Genetic Instability, Gene-Gene Interactions, and SNP Sampling Strategies to Identify Disease Alleles
The analysis of genetic variation is expected to further our understanding of the genetic contributions to human diseases and may provide insights into human evolution. Modern genetic analysis of pedigrees segregating highly penetrant cancer susceptibility genes has provided a wealth of information on both cancer pathogenesis and cancer risk. Unfortunately, for most commonly occurring tumors, the high-risk alleles of such loci do not play a significant role. In our project Mapping Interactive Cancer Susceptibility Loci (MICSL), we have developed an affected sibling pair cohort (breast, prostate, colon, and lung cancer) to pursue genes with relatively modest relative risks, especiallly those that may interact with other such genes. We test the hypothesis that this class of genetic variation and genetic interaction most often determines cancer risk in the population at large.
As of December 2003, we had recruited a total of 871 affected sibling pairs. These consisted of 594 pairs with breast cancer, 288 with prostate cancer, 77 with colon cancer, and 33 with lung cancer. This cohort of affected sibling pairs is one of the largest such resourced for linkage analysis in commonly occurring cancers. the major focus of MICSL has been to conduct linkage analysis with 100 candidate genes involved in tumor suppression, DNA repair, cell-cylce control, apoptosis, and drug and xenobiotic metabolism. So far 97 candidate genes and 238 microsatellite markers have been established in our production stream for genotyping all sibling pairs. We discovered and implemented genotyping for almost one-third of these markers from Human Genome resources; the others represent previously indentified markers in public databases. At present, we have constructed a Web-enabled database that contains more than 233,000 genotypes for the preliminary linkage analysis of our candidate genes.
We have preliminary results suggesting that the candidate gene approach wer are employing will be quite productive in identifying genes influencing cancer susceptibility. Two-point linkage analysis (candidate gene and marker) have identified numerous potential linkage signals (specifically in our breast and prostate cancer cohorts) that have guided our subsequent multi-point linkage efforts. Our ability to identify prominent linkage signals in our candidate genes has been facilitated by our use of clinical data simultaneously collected with our patient DNA samples. This allows us to stratify our affected sibling pairs based upon additional disease criteria such as family history or pathological features. Utilizing this approach, we have identified a locus on chromosome 3 implicated in prostate cancer risk. We are continuing to characterize this locus via linkage disequilibrium mapping approaches using single nucleotide polymorphisms (SNPs) with the goal of narrowing the disease interval. Our approach demonstrates how our hypothesis-driven candidate gene approach has proven fruitful as opposed to genome-wide trawling exercises.
Our sibling pair resources are also facilitating the development of a new methodology for detecting disease gene associations and gene-gene interactions that use fare lower numbers of sibling pairs for disease allele discover. This approach relies on enrichment strategies for patients based on allele-sharing. We believe it will be possilbe to partition our sibling pair resources into groups that will allow for the initial discovery of disease variants and their confirmation in a replicate sample set. Ultimately, this allows for the testing of virtually any candidate gene provided information is known about the biology / function of the gene. The previously described custom Web-enabled database facilitates these analyses.

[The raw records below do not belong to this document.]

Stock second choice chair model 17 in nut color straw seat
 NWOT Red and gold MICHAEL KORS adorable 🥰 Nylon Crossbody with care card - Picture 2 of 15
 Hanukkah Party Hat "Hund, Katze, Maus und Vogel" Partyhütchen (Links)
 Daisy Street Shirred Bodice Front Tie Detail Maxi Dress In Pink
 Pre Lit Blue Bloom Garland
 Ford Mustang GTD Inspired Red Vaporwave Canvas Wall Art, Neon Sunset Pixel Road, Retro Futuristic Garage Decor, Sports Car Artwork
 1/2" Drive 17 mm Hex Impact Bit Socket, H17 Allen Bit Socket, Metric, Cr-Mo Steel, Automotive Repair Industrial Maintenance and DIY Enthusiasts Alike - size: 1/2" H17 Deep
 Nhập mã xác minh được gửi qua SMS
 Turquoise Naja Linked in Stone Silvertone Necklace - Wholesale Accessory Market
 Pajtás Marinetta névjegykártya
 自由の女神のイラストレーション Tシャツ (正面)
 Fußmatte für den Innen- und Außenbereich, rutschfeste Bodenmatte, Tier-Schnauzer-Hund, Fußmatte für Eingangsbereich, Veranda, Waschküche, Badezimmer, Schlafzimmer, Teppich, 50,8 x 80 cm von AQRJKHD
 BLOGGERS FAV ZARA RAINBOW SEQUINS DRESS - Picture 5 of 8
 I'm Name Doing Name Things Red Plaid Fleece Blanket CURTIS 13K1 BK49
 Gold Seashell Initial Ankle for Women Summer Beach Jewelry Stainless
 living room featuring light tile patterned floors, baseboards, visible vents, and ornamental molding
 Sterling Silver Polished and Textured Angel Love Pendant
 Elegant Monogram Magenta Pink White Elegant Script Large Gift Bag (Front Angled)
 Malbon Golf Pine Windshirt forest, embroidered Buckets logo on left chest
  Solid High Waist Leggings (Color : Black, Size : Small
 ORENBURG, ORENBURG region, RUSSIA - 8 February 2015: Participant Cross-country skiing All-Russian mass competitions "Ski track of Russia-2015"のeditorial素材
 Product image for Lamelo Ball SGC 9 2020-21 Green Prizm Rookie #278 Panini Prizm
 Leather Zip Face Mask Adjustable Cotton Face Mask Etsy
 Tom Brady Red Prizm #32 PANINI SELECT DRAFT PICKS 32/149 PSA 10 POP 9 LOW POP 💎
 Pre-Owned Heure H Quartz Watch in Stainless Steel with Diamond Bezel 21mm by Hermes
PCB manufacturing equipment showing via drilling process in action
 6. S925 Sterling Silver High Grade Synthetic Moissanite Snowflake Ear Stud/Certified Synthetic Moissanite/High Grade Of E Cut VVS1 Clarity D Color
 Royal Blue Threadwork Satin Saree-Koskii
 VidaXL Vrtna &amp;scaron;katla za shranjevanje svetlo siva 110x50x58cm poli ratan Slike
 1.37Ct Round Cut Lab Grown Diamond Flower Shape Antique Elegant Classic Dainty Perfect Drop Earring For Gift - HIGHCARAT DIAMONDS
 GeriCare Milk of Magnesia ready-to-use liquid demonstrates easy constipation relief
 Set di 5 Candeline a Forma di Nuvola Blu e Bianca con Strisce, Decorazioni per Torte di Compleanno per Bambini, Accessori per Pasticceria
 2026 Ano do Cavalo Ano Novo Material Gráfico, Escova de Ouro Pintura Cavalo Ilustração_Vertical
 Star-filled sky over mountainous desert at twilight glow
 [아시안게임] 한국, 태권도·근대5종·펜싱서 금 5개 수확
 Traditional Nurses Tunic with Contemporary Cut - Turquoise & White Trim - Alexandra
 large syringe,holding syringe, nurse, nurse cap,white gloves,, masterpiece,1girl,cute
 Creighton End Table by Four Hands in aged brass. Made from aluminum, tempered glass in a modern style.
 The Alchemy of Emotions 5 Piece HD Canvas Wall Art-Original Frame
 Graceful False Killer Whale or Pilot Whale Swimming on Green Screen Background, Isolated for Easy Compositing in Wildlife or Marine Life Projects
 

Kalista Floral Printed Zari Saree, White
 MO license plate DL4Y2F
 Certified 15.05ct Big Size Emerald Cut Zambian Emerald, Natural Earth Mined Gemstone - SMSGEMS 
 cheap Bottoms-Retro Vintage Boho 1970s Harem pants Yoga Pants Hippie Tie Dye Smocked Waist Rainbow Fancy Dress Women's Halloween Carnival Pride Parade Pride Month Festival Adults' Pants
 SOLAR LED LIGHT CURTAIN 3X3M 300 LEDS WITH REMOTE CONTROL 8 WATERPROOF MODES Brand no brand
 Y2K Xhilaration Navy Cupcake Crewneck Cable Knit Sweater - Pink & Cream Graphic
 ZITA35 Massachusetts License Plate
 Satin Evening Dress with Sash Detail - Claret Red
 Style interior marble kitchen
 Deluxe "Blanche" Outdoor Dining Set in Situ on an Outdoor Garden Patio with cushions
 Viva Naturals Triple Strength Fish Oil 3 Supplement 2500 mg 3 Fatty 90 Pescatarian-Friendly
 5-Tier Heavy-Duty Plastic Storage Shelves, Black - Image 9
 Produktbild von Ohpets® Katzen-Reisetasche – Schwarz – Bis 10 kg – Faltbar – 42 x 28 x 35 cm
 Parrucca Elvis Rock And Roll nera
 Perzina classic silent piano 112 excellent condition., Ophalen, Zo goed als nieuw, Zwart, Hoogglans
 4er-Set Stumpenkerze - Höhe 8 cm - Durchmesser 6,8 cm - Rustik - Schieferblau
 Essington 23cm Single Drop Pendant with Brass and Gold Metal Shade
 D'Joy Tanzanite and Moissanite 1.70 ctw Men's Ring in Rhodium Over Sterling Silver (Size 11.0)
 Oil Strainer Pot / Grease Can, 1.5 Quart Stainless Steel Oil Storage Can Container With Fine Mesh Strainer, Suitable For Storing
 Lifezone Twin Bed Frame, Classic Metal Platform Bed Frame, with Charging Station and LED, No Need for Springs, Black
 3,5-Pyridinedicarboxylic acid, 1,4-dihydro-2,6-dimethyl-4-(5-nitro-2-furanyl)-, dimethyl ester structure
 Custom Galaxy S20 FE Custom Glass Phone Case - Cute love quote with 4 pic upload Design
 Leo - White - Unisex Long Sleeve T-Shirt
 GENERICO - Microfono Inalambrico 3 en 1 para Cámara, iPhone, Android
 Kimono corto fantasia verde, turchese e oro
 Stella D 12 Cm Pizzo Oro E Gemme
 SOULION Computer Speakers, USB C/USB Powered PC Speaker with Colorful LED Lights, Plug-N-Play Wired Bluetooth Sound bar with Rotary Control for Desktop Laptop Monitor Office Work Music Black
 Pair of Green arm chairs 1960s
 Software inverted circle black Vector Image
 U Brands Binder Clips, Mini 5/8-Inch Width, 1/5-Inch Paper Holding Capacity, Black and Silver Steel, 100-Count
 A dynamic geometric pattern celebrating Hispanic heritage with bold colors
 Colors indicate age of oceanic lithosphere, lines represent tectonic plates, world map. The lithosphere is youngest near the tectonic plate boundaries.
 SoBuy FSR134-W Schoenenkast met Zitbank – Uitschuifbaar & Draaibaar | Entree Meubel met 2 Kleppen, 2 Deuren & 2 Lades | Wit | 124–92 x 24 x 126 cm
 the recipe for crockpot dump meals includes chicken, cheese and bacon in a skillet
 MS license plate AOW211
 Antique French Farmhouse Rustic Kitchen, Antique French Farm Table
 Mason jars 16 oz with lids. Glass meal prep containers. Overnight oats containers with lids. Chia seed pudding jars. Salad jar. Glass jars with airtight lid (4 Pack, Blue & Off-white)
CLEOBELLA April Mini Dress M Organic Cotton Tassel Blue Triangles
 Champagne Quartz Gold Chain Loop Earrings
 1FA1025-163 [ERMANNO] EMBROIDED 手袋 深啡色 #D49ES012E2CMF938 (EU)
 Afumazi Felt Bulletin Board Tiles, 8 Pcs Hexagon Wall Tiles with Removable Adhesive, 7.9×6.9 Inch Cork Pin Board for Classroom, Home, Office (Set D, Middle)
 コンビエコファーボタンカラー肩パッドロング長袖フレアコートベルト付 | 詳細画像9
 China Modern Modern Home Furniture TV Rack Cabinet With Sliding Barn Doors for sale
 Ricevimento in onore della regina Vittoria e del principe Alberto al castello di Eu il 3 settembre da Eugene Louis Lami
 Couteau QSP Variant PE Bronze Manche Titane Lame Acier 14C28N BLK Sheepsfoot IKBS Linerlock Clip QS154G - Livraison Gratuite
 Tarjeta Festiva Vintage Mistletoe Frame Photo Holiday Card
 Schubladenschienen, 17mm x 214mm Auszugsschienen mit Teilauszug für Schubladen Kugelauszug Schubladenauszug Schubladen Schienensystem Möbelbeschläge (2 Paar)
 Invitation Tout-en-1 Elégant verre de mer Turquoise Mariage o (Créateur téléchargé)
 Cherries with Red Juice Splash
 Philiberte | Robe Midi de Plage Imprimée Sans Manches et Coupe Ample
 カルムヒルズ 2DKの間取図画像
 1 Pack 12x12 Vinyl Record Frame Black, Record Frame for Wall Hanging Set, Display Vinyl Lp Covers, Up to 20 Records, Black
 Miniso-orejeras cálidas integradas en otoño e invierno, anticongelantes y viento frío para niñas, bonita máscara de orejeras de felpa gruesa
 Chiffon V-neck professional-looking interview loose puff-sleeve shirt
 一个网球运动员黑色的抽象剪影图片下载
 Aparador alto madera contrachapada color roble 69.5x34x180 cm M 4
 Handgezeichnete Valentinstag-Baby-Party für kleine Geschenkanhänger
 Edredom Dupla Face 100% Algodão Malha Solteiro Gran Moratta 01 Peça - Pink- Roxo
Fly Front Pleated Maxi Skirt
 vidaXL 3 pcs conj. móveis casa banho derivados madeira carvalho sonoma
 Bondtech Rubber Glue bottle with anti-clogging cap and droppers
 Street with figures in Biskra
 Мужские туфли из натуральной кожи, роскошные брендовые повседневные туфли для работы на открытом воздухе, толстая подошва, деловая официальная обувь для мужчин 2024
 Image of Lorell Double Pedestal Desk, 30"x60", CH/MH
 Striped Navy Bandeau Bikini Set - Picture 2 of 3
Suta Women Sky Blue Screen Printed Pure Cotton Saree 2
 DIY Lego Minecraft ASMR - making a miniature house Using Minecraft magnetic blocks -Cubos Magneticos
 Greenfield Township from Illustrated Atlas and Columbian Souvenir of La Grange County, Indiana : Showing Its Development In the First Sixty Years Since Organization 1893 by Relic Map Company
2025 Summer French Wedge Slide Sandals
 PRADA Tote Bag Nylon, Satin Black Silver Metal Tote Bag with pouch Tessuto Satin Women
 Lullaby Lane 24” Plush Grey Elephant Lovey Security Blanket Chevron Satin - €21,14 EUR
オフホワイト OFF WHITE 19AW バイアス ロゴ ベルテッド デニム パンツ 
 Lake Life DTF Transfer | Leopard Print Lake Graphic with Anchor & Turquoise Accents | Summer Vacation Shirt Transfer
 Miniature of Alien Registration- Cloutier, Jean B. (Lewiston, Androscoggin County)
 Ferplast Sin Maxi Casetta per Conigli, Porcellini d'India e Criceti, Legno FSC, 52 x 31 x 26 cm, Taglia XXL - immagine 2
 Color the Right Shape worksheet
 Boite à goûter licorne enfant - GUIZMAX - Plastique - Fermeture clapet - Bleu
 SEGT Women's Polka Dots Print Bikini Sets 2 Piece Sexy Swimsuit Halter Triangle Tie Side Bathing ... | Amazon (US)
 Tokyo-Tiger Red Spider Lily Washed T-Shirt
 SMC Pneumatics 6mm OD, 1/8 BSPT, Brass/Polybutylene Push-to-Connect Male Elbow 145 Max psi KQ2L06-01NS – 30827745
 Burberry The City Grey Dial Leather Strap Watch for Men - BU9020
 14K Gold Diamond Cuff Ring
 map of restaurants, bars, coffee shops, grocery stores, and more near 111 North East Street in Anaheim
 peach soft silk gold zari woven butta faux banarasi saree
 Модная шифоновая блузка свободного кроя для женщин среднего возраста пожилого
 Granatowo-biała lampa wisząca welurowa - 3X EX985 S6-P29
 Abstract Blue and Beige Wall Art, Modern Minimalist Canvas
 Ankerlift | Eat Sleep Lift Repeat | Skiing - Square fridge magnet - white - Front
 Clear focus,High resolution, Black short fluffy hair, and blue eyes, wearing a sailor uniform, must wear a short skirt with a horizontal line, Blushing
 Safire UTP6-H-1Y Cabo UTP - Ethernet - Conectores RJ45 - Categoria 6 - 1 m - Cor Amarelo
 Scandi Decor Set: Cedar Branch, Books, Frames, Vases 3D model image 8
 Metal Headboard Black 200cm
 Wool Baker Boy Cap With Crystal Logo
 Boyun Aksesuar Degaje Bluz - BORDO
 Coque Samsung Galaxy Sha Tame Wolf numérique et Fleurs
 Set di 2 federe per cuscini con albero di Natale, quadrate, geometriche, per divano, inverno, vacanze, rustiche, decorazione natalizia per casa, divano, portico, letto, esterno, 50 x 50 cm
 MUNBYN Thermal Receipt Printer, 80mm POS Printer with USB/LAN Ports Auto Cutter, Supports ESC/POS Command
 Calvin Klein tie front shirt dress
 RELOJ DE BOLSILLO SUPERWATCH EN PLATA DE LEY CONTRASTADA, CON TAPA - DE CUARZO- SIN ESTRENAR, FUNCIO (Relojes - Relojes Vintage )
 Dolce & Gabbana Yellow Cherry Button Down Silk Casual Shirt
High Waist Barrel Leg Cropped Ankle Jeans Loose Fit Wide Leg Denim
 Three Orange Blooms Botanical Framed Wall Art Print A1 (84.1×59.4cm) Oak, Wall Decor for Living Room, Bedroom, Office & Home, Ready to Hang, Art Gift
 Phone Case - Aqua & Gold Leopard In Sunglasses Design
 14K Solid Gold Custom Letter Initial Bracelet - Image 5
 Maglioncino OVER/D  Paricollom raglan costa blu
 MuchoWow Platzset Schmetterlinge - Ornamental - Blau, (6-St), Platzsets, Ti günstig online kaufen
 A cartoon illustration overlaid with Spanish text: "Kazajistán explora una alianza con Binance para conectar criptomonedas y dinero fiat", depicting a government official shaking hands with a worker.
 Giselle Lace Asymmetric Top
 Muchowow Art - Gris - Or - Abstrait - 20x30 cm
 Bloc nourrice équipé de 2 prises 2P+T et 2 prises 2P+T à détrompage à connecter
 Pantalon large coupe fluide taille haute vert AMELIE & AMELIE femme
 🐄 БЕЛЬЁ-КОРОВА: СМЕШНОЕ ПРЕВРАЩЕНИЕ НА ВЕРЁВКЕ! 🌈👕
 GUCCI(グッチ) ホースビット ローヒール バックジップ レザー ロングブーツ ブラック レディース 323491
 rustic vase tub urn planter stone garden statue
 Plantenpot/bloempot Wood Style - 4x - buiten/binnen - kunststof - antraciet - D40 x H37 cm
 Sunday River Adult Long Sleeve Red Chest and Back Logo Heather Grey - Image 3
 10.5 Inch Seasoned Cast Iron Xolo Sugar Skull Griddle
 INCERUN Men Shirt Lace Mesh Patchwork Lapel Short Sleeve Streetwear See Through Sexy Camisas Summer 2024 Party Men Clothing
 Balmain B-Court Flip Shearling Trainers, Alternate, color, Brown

In recent years, the identification and analysis of SNPs have drawn remendous enthusiasm from geneticists; however, the best SNP-based sampling strategy for human disease studies is still very controversial. The controversy arises from the debates examining both SNP density and sampling strategies to facilitate the best study design. We have made substantial progress in the analysis of SNP haplotypes to address the above issues. Our data suggest that the required SNP density is largely determined by the evolutionary history of current major haplotypes, and a large portion of the genome may require a very high density (<1 kb) of radomly sampled SNPs. Using this concept, we have developed a SNP sampling strategy by selecting SNPs with highly correlated allele states. This has allowed us to demonstrate the existence of evolutionarily conserved haplotype frameworks across ethnic populations that could define probable historical recombination hotsposts. These observations have implications in the search for the casual diseases such as cancer based on the CDCV (Dommon Disease/Common Variant) hypothesis.